ASSIGNMENT: Copy out the listing below exactly, please, and skip any pictures.

SOURCE MATERIAL:
******************************
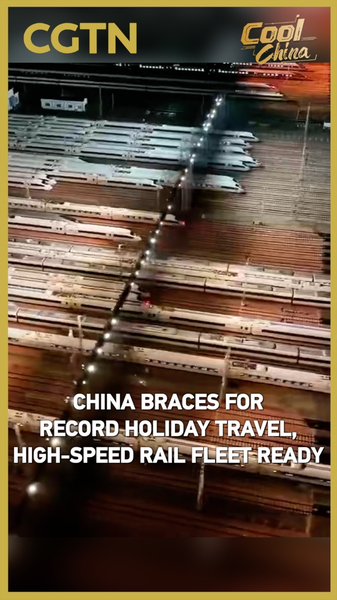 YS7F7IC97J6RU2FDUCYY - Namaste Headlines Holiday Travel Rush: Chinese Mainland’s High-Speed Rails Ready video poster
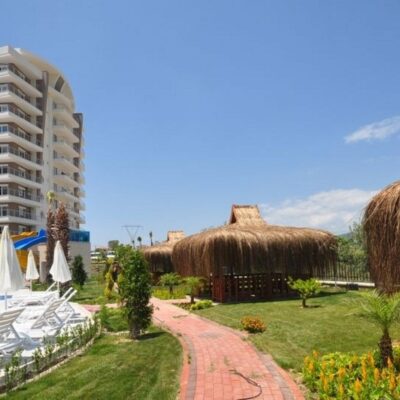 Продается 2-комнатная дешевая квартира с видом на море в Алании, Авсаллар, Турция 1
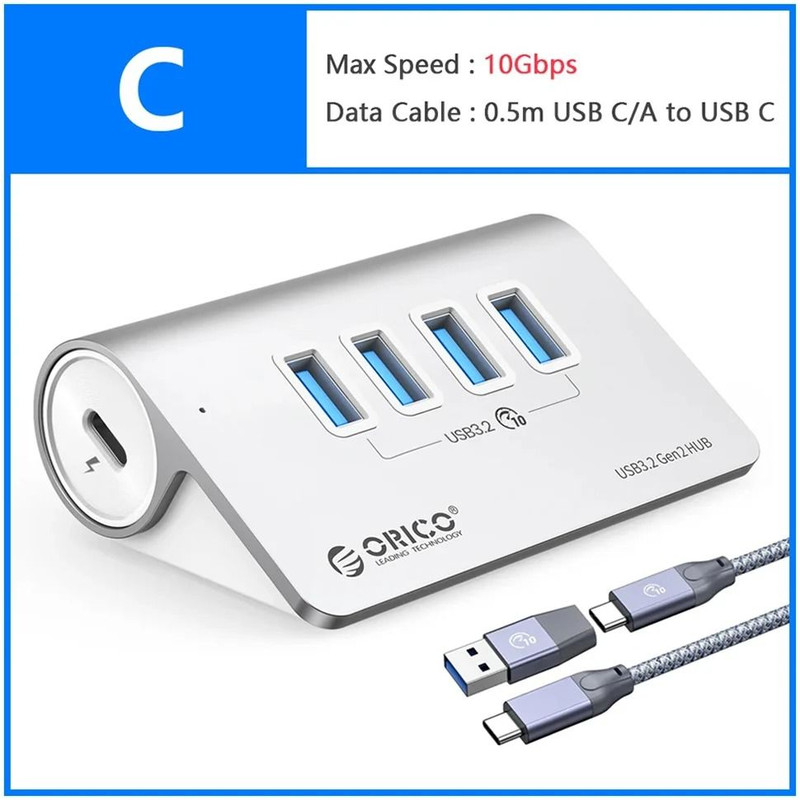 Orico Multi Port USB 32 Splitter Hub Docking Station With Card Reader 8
******************************
OUTPUT BELOW:
 YS7F7IC97J6RU2FDUCYY - Namaste Headlines Holiday Travel Rush: Chinese Mainland’s High-Speed Rails Ready video poster
 Продается 2-комнатная дешевая квартира с видом на море в Алании, Авсаллар, Турция 1
 Orico Multi Port USB 32 Splitter Hub Docking Station With Card Reader 8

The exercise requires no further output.